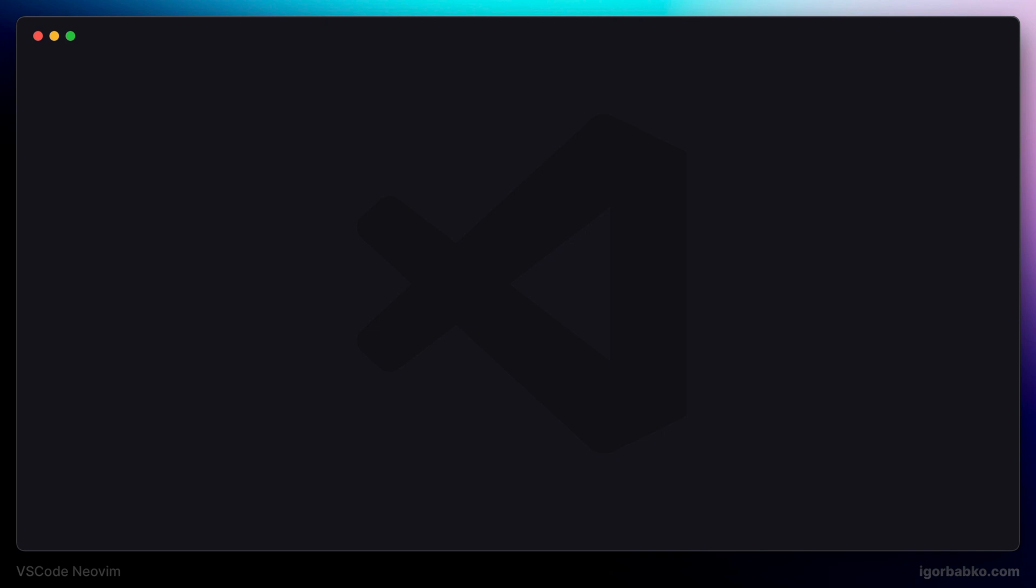And in the same way, we can bind many different commands to keyboard shortcuts that use leader key. Link to the repository with this configuration file will be, as always, in the video description.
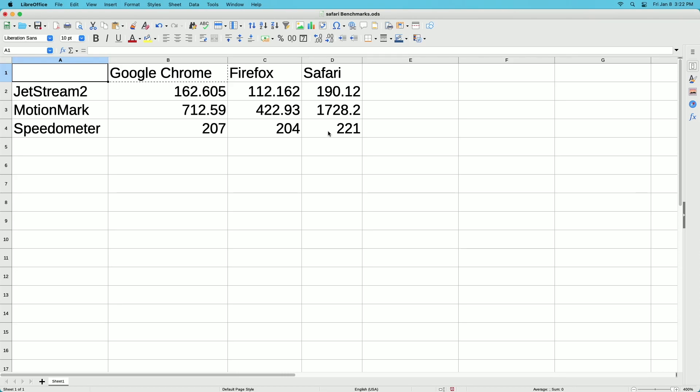For Speedometer, Safari got 221, Chrome got 207, and Firefox got 204. So Chrome and Firefox scores are about the same and Safari is a little bit faster on the Speedometer test. But it's not as big of a spread as it is on Jetstream or MotionMark.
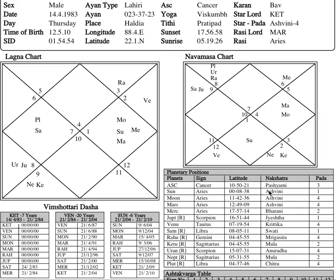If you see the nakshatras, he has three planets in Ashwini nakshatra: Sun at zero degrees, Moon, and Mars also in Ashwini. Mercury is in Bharani nakshatra — a very interesting placement.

### TASK OBJECTIVE
In your answer, give every line of the listing above exactly, and do not include the images.

### SOLUTION FOR THIS EXERCISE
And in the same way, we can bind many different commands to keyboard shortcuts that use leader key. Link to the repository with this configuration file will be, as always, in the video description.
For Speedometer, Safari got 221, Chrome got 207, and Firefox got 204. So Chrome and Firefox scores are about the same and Safari is a little bit faster on the Speedometer test. But it's not as big of a spread as it is on Jetstream or MotionMark.
If you see the nakshatras, he has three planets in Ashwini nakshatra: Sun at zero degrees, Moon, and Mars also in Ashwini. Mercury is in Bharani nakshatra — a very interesting placement.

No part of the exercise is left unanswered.